YOUR TASK :: A faithful copy of the data below is required, leaving out every picture.

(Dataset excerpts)
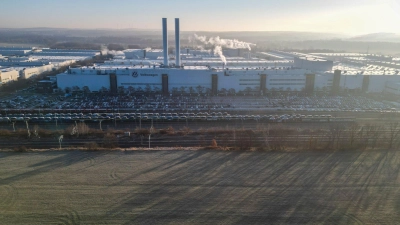 Die Elektromobilität spielt eine wichtige Rolle für die Autobauer in Ostdeutschland.  (Foto: Jan Woitas/dpa)
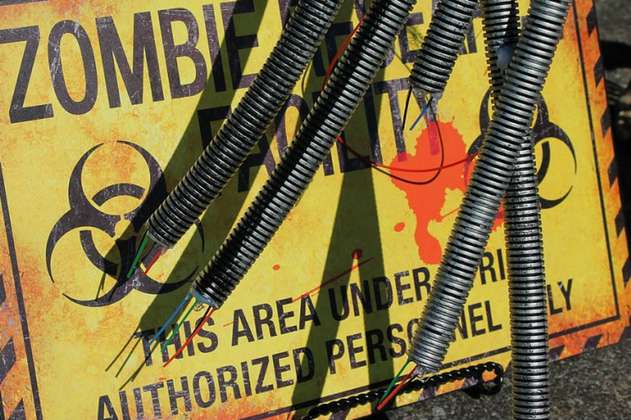 Alerta de zombis a vecinos de una ciudad de Florida en medio de apagón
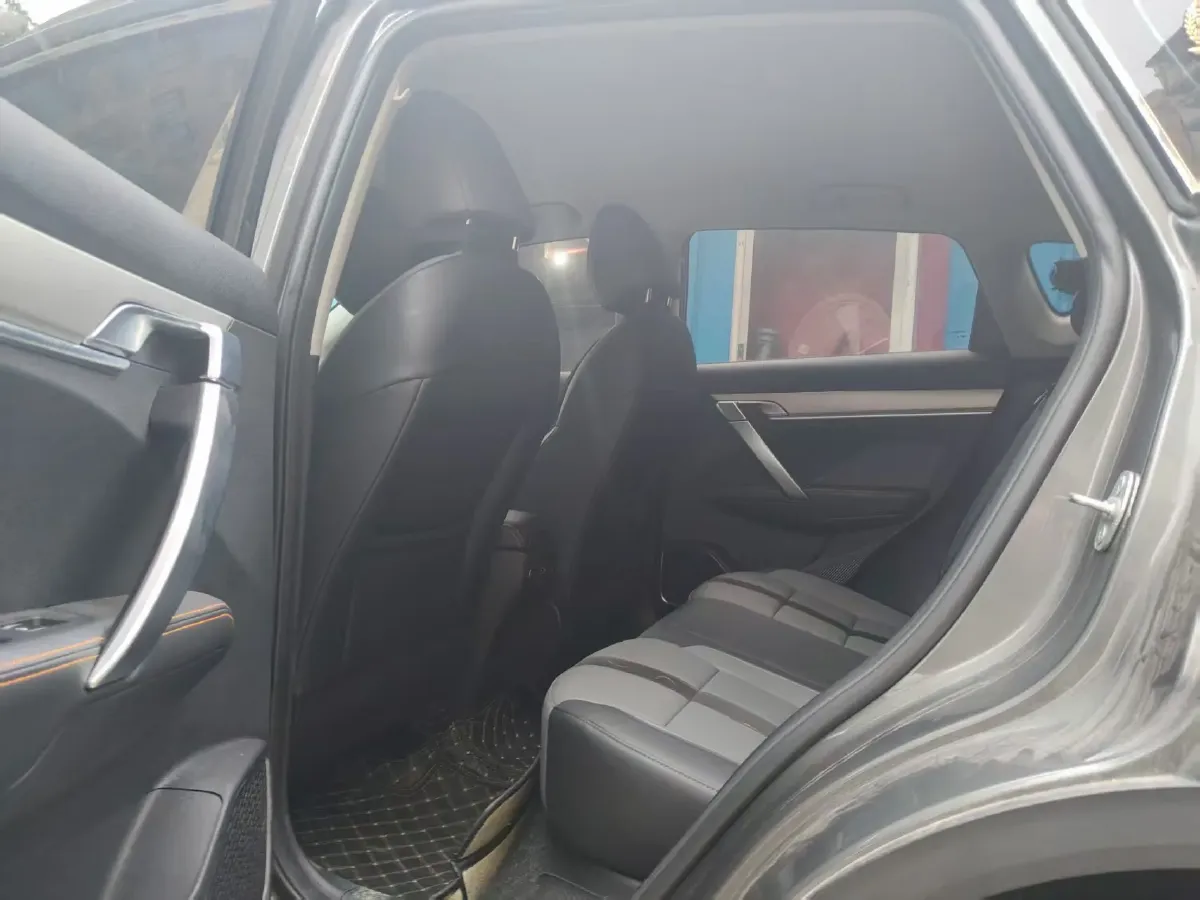 2024 Geely Coolray 1.5T 181HP L4 7DCT,autocango,china used car exporter,china ev exporter,chinese used car exporter,chinese used ev exporter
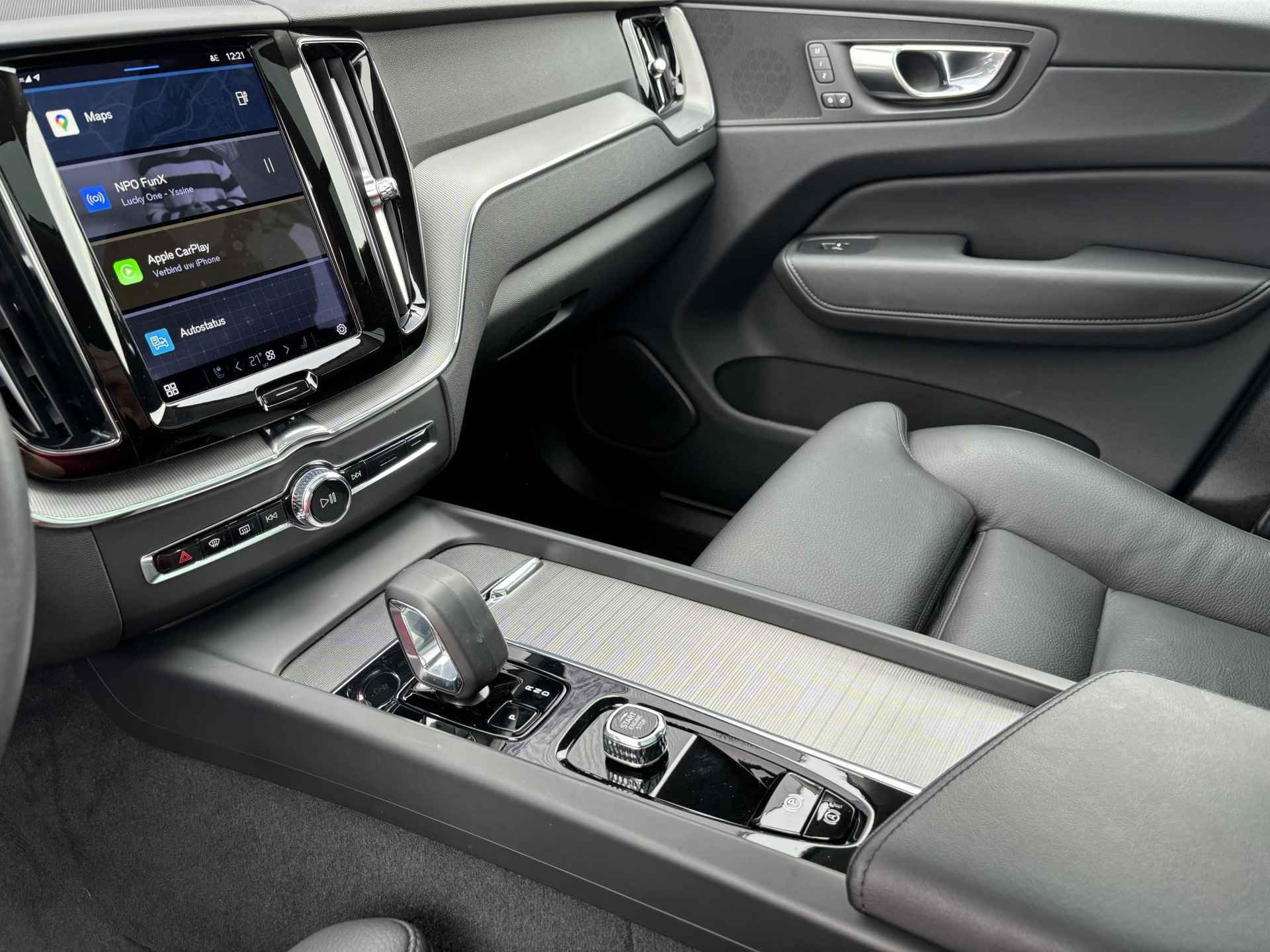 Volvo XC60 Recharge T6 AWD Plus Dark Long Range | Panoramadak | Adaptieve Cruise control | Elektr. stoelverst. met geheugen | Keyless entry - 27/31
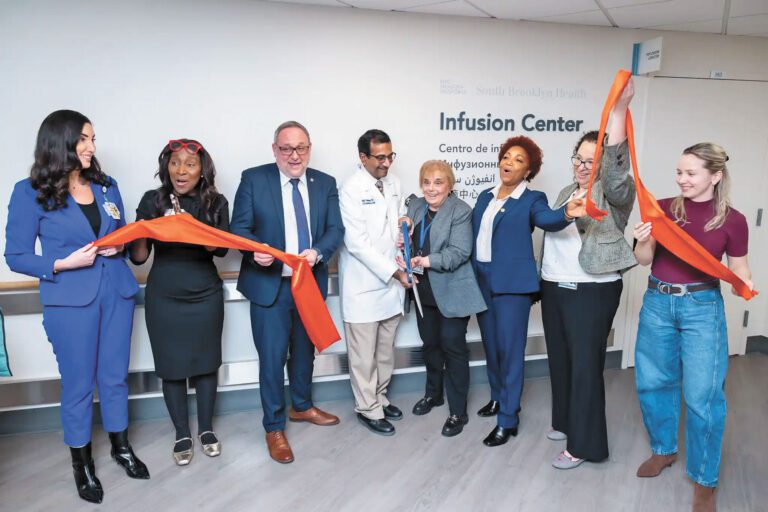 醫院主管為新中心剪綵。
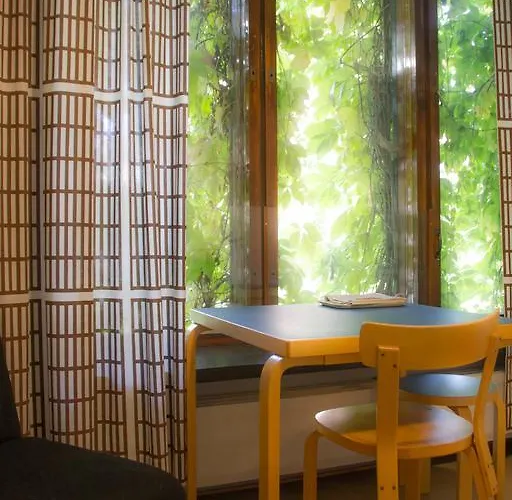 Town Hall Guestroom *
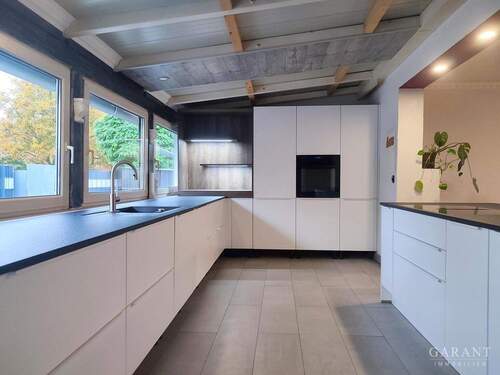 Hochwertige Einbauküche Erdgeschoß Wintergarten - Einfamilienhaus mit 228,00 m² in Philippsburg zum Kaufen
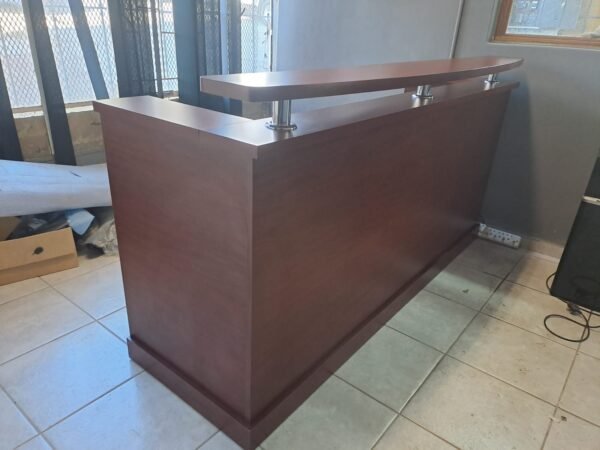 Elton’s Reception Counter3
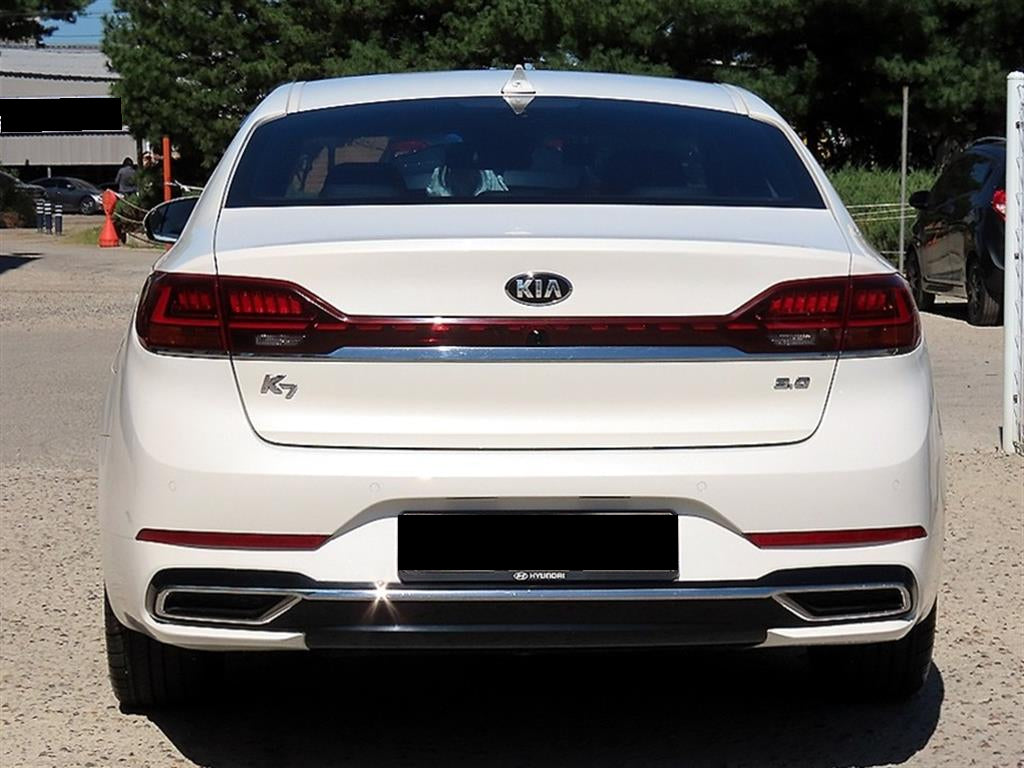 Kia K7 — photo 04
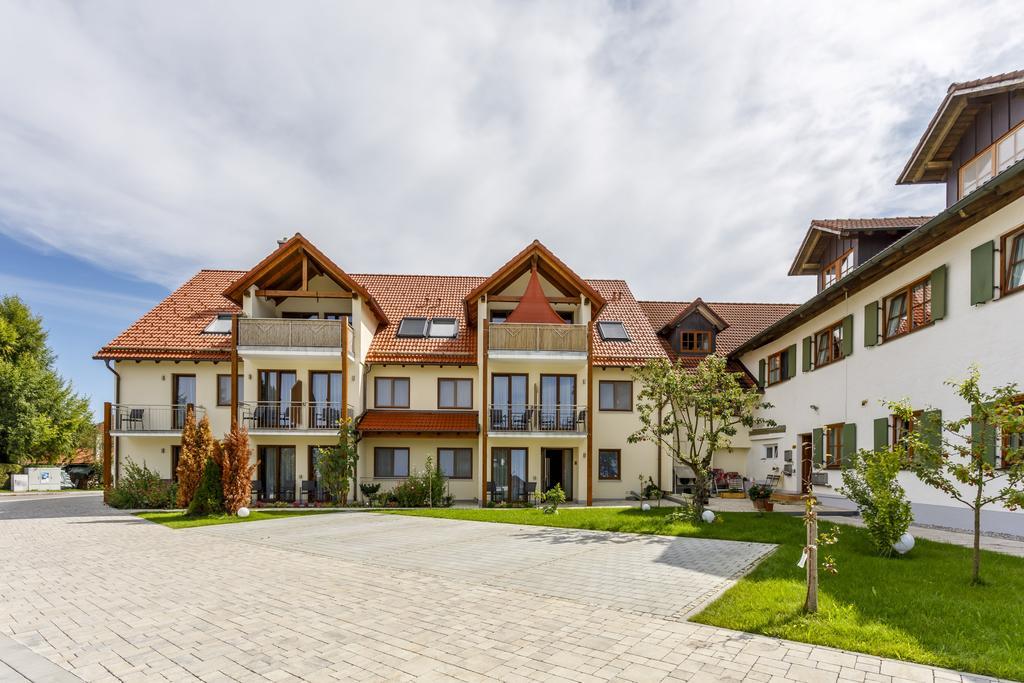 Gasthaus Und Landhotel Wiedmann Eresing Екстериор снимка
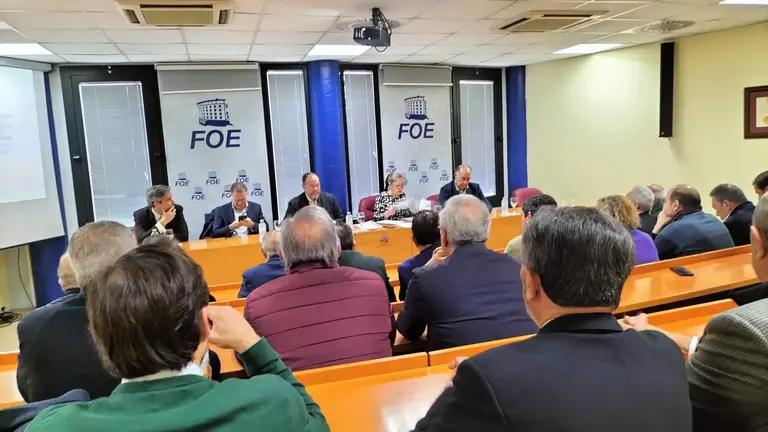 Reuni&oacute;n en la FOE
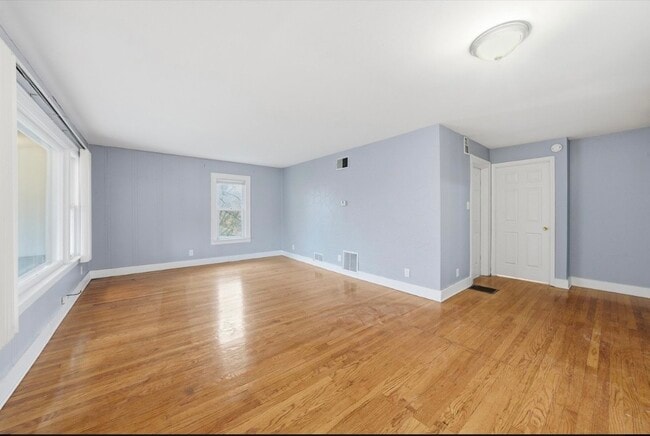 Building Photo - 18335 Sherman St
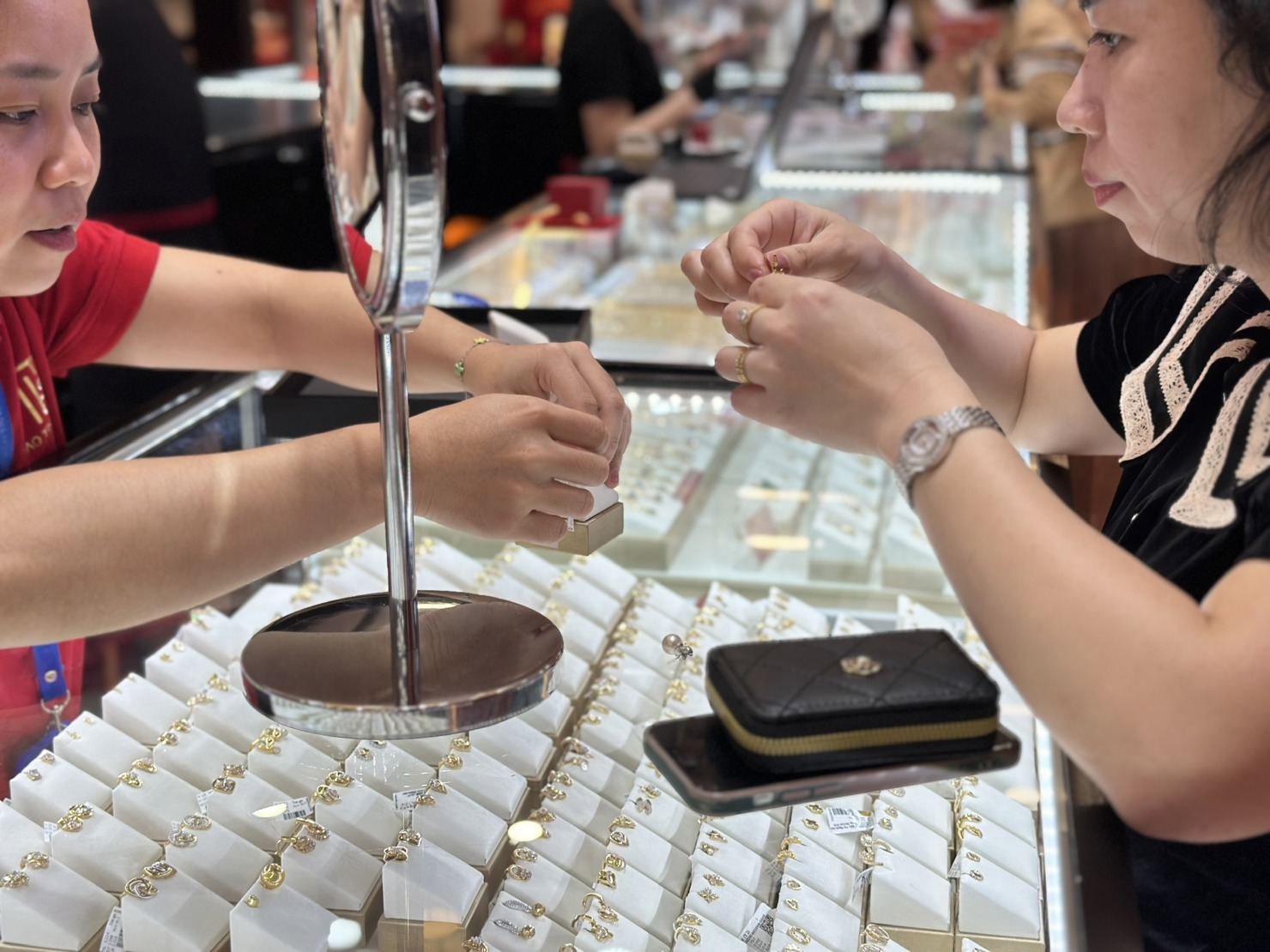 Gi&aacute; v&agrave;ng trong nước chịu ảnh hưởng của gi&aacute; v&agrave;ng thế giới. Ảnh: H.Dịu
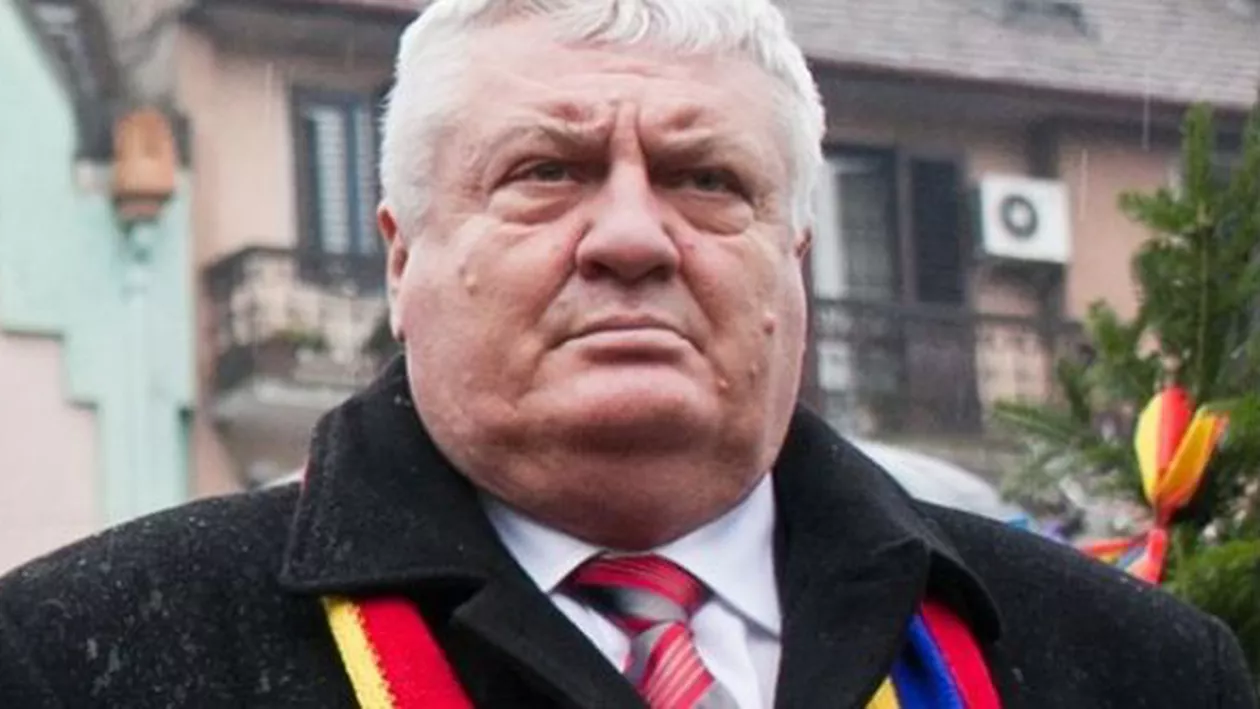 Șeful ISJ Mureș a fost reținut de DNA pentru 24 de ore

TASK RESPONSE ::
 Die Elektromobilität spielt eine wichtige Rolle für die Autobauer in Ostdeutschland.  (Foto: Jan Woitas/dpa)
 Alerta de zombis a vecinos de una ciudad de Florida en medio de apagón
 2024 Geely Coolray 1.5T 181HP L4 7DCT,autocango,china used car exporter,china ev exporter,chinese used car exporter,chinese used ev exporter
 Volvo XC60 Recharge T6 AWD Plus Dark Long Range | Panoramadak | Adaptieve Cruise control | Elektr. stoelverst. met geheugen | Keyless entry - 27/31
 醫院主管為新中心剪綵。
 Town Hall Guestroom *
 Hochwertige Einbauküche Erdgeschoß Wintergarten - Einfamilienhaus mit 228,00 m² in Philippsburg zum Kaufen
 Elton’s Reception Counter3
 Kia K7 — photo 04
 Gasthaus Und Landhotel Wiedmann Eresing Екстериор снимка
 Reuni&oacute;n en la FOE
 Building Photo - 18335 Sherman St
 Gi&aacute; v&agrave;ng trong nước chịu ảnh hưởng của gi&aacute; v&agrave;ng thế giới. Ảnh: H.Dịu
 Șeful ISJ Mureș a fost reținut de DNA pentru 24 de ore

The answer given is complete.